- What you are asked to do: From the records that follow, return exactly the lines beginning at the one that contains "Длинный фиолетовый атласный халат" and ending at the one that contains "Running Children 的图像结果", pictures left out.

Records for the exercise below:

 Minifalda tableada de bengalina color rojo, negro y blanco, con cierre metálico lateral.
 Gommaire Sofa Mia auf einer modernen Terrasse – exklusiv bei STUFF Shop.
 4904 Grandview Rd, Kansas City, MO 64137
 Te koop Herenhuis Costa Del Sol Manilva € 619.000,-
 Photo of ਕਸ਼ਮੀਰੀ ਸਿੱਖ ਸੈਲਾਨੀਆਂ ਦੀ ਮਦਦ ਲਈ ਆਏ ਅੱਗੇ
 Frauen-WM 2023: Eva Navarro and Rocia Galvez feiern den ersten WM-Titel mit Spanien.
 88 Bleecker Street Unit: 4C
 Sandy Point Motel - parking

End of Records for the exercise.
Records for the exercise below:

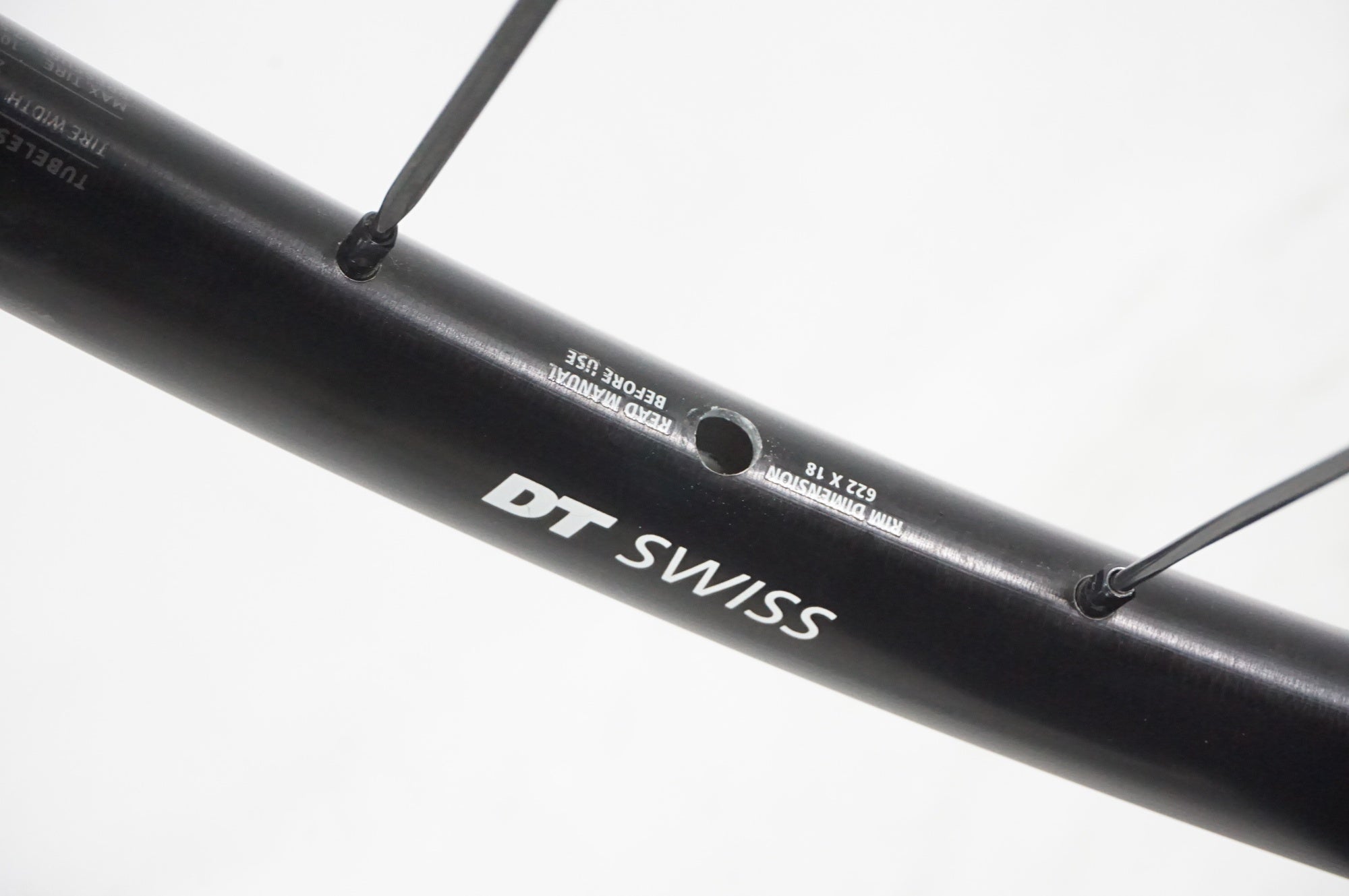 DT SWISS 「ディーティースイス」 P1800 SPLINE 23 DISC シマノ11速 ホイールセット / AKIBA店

End of Records for the exercise.
Records for the exercise below:

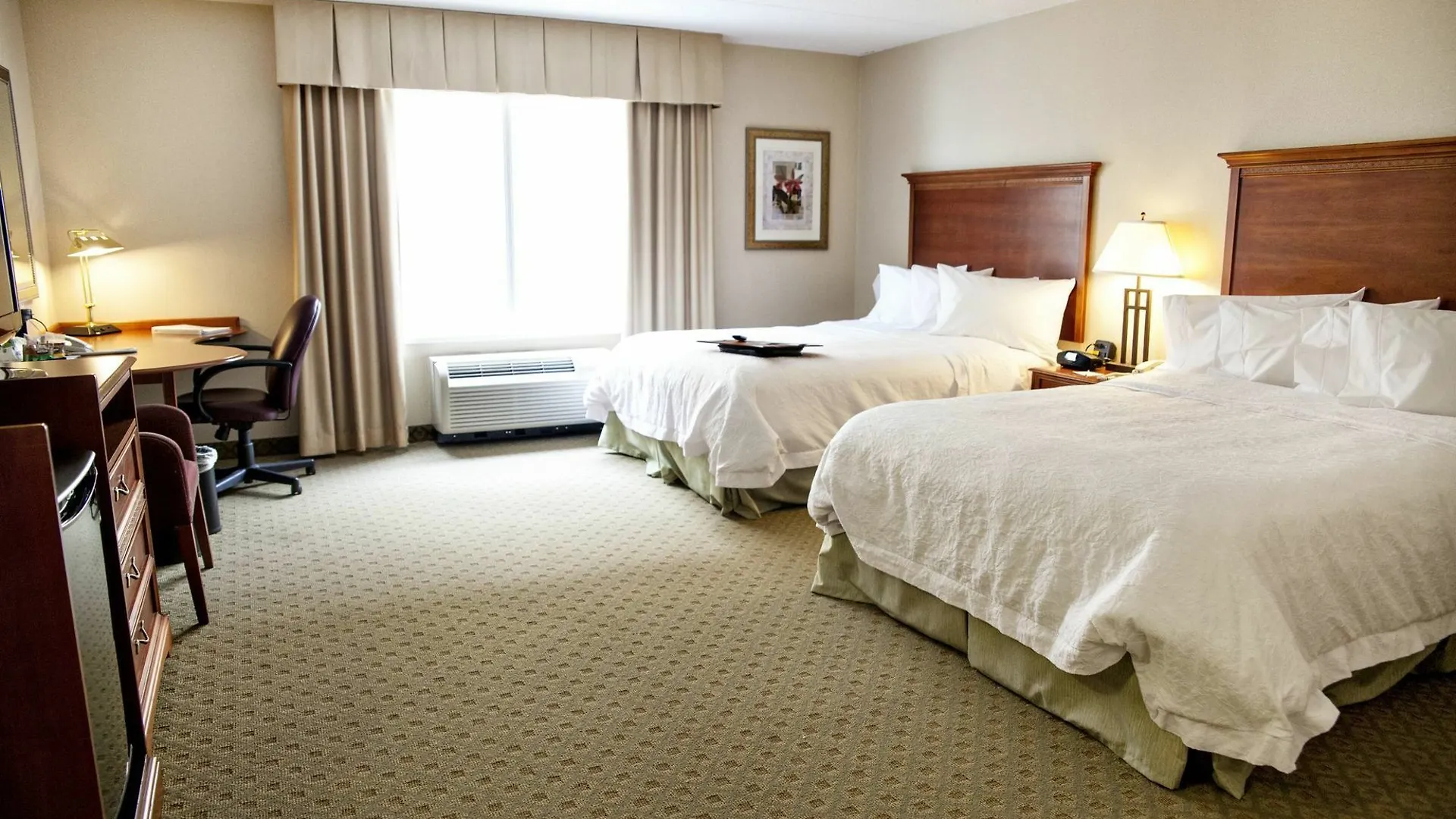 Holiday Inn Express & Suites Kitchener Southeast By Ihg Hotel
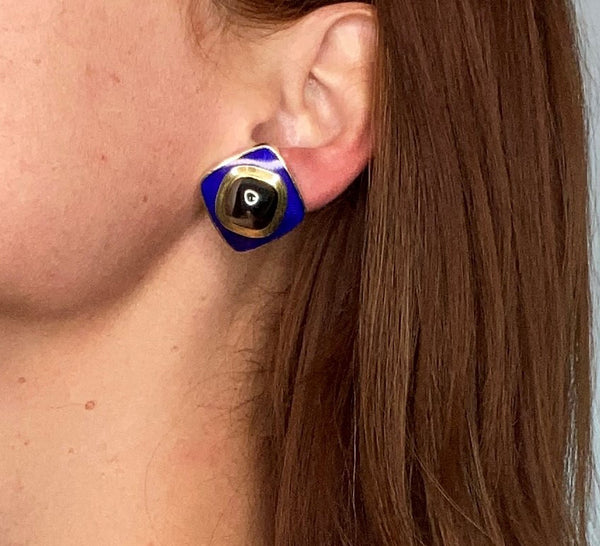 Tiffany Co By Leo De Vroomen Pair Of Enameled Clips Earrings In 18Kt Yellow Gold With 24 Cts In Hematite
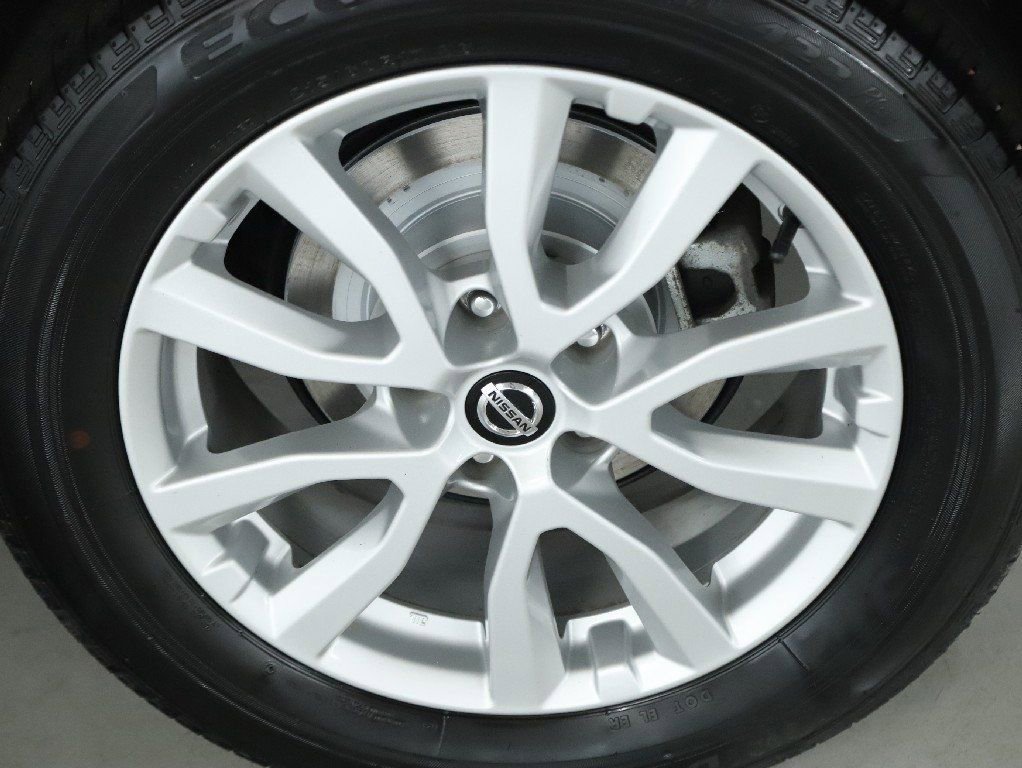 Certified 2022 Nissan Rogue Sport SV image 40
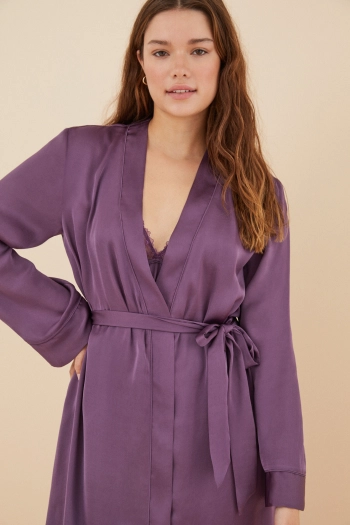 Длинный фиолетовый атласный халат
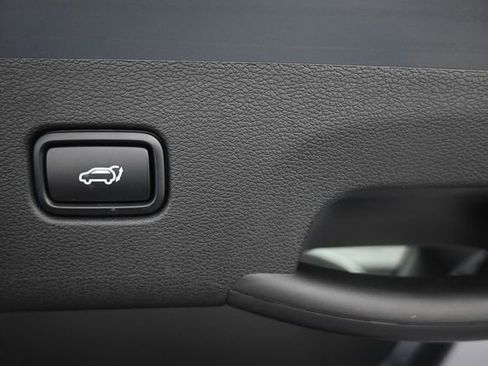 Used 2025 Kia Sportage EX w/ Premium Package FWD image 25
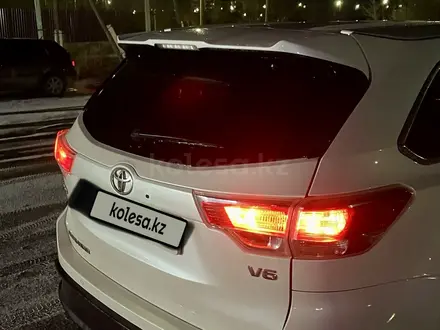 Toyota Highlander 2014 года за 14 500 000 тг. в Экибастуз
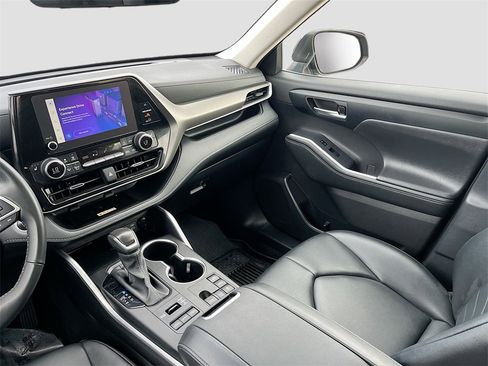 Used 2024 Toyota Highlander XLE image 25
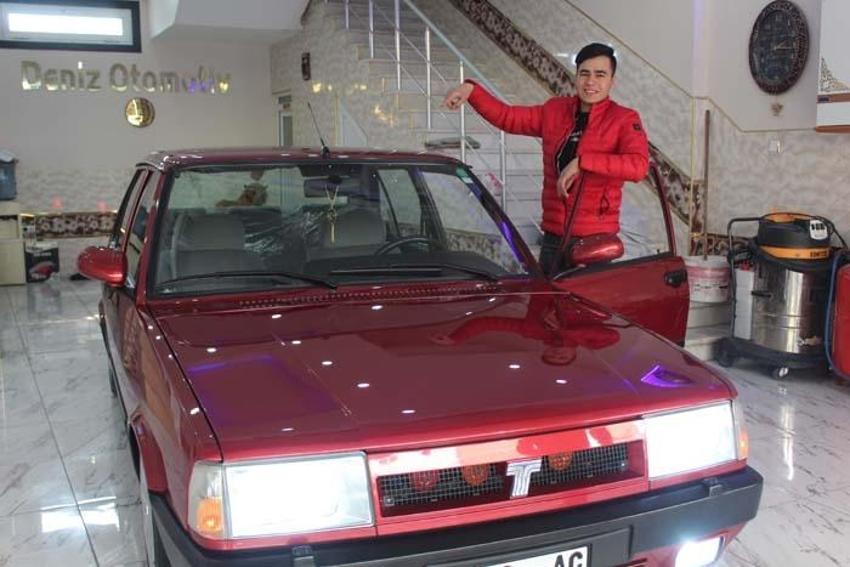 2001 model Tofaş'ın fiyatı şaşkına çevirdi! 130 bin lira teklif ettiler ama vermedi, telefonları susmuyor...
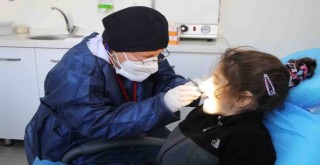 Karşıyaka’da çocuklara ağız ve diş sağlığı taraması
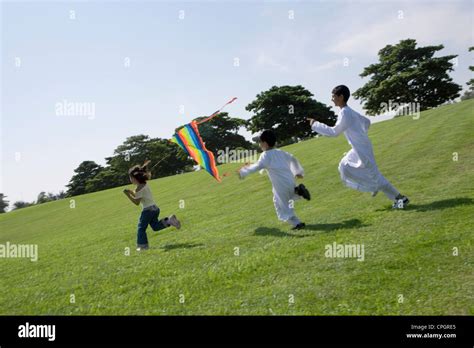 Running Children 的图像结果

End of Records for the exercise.

- Completed task:
 Длинный фиолетовый атласный халат
 Used 2025 Kia Sportage EX w/ Premium Package FWD image 25
 Toyota Highlander 2014 года за 14 500 000 тг. в Экибастуз
 Used 2024 Toyota Highlander XLE image 25
 2001 model Tofaş'ın fiyatı şaşkına çevirdi! 130 bin lira teklif ettiler ama vermedi, telefonları susmuyor...
 Karşıyaka’da çocuklara ağız ve diş sağlığı taraması
 Running Children 的图像结果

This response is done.